Shortly after that, the DoD went into contract with SpaceX and now they deal with all that and it's no longer a risk to SpaceX so they can use it as a weapon now.
Then, it was reported that Russia was getting dishes from 3rd parties (smuggling them in) and that again was proof that Musk was supporting Russia. Except it's not an easy problem to solve, and even the DoD said it was complicated and would be an ongoing game of cat and mouse to prevent.
Edit: I like how hours after I made this reply, someone above is again claiming Musk shut down Starlink to stop the attack, and in the article they link it even talks about what I wrote in this post saying that the claim was retracted. I can't tell if that person didn't read the article and took the first link he found... or doesn't understand the difference between turning something that was on to the off state (action), and simply not turning something that was off, on. (inaction)
Guess you forgot about the time he shut down Starlink to stop a Ukrainian assault? -> link to snopes article
Found the person who's never lived in a area with dial-up or conventional sattelite as their only options. I hate Elon as much as the next person, but starlink is revolutionary for those with no other options.

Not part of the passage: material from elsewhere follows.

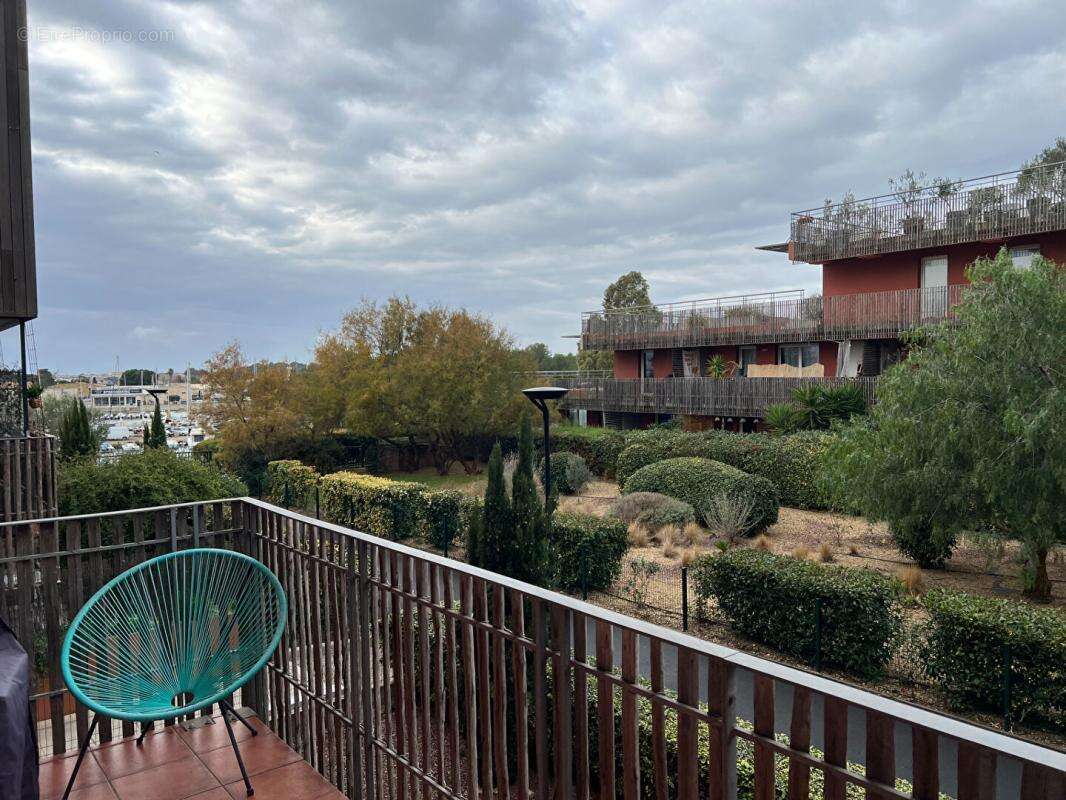 Appartement à BALARUC-LES-BAINS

Second-hand experience from many years ago when Starlink first rolled out: my friend has a cabin in the Appalachians, outside any cell service, so Starlink sounds great for that. However, Starlink site says there is "no coverage" for that area. Yes, somehow, no coverage for a satellite service. The nearest area with coverage was a town with already-decent 4G. And most large US cities had coverage too. So our inside "conspiracy theory" was that Starlink resells 5G/4G modems for hipsters.
A megastructure filling space with trash, a project that in paper looks like either impossible to complete or a total waste of energy, time and pollution to solve a problem we don't have* and leaving this new net of satellites on the hands of a psycopath.
I really like the idea of starlink, but those are the cons I can think off.
*connectivity is solved by adding cables. What's the cost (money, energy, pollution + life) of a cable crossing the Atlantic vs the cost of a satellite?
Inb4, I'm not siding with anyone, just trying to make the discussion roll.
Any details on the technology? "Beaming phone signals" doesn't tell anyone much. Would this require a proprietary antenna (thus new, flagship-only models after a few years, like iPhone 15 with its emergency satellite calls) for whatever protocol Starlink uses (unless there is some unified ground-to-satellite protocol by now)?
Satellite phones aren't new, but are expensive for obvious reasons.
Starlink sats have enough transmit power and receive gain to use normal cellular frequencies with a normal antenna on the phone side.
You might think it's a long way to space, but a few hundred kilometres of direct line of sight to your cellphone antenna isn't that much more to overcome compared to say, 25 km to a cell tower on the ground.
The biggest hurdle was getting a few thousand satellites into orbit so that coverage and availability is there.